* Records for the exercise *
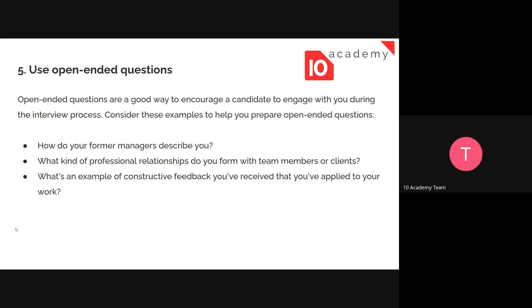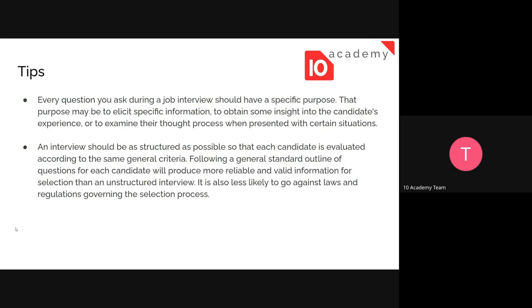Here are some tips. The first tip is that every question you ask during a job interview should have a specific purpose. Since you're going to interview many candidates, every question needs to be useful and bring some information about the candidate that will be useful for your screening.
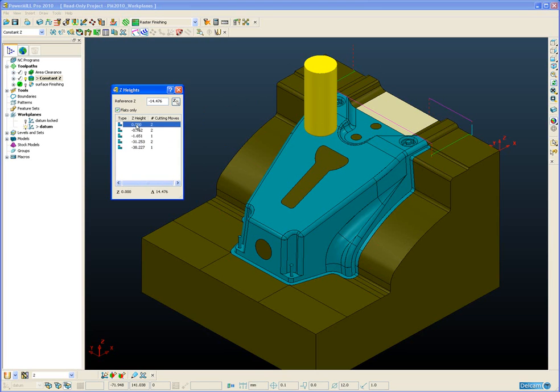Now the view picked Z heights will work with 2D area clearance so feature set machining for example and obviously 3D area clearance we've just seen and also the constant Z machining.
==
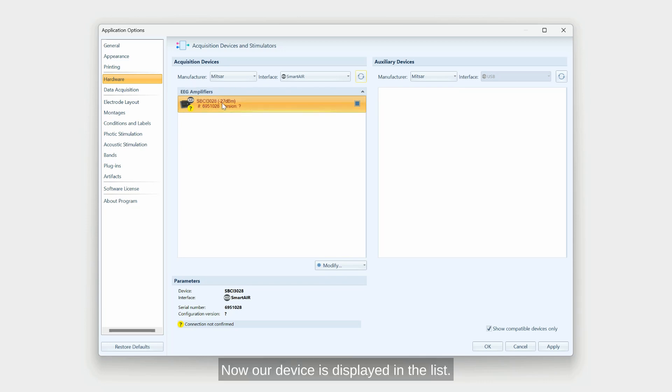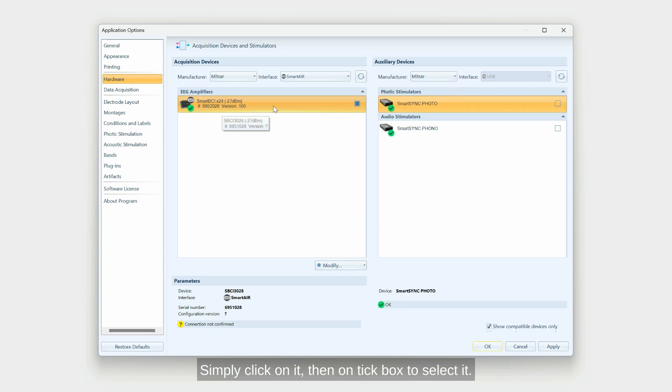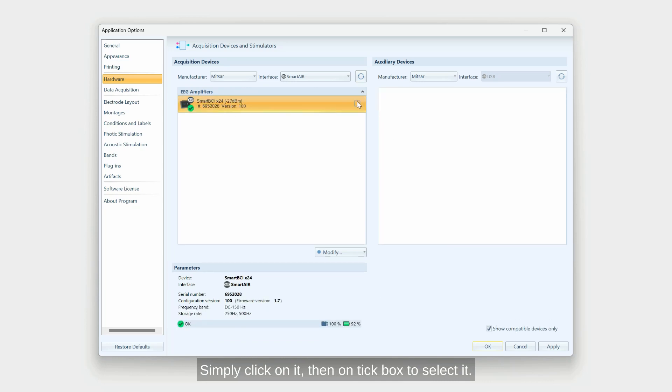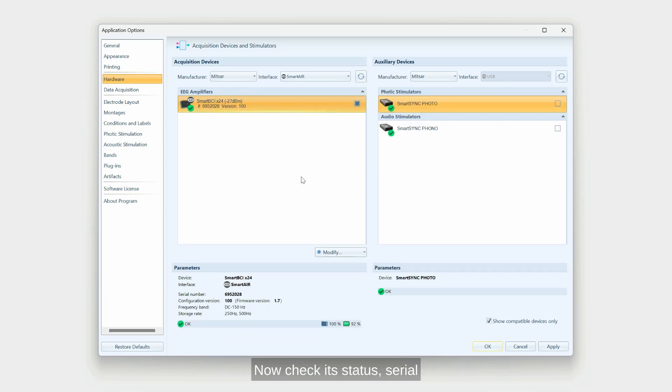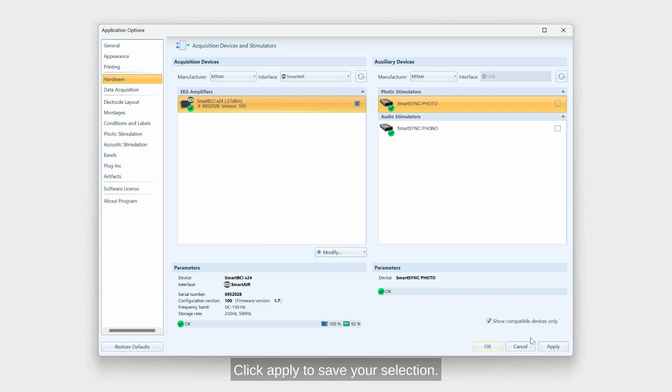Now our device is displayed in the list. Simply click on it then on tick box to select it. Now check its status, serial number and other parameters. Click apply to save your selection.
--
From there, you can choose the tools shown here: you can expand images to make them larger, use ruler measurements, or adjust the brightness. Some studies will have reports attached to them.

* Work instructions *
Nothing but the lines above, starting at the line that contains "Here are some" and ending at the line that contains "Now the view", should be given again, exactly and without the pictures.

* Answer box *
Here are some tips. The first tip is that every question you ask during a job interview should have a specific purpose. Since you're going to interview many candidates, every question needs to be useful and bring some information about the candidate that will be useful for your screening.
Now the view picked Z heights will work with 2D area clearance so feature set machining for example and obviously 3D area clearance we've just seen and also the constant Z machining.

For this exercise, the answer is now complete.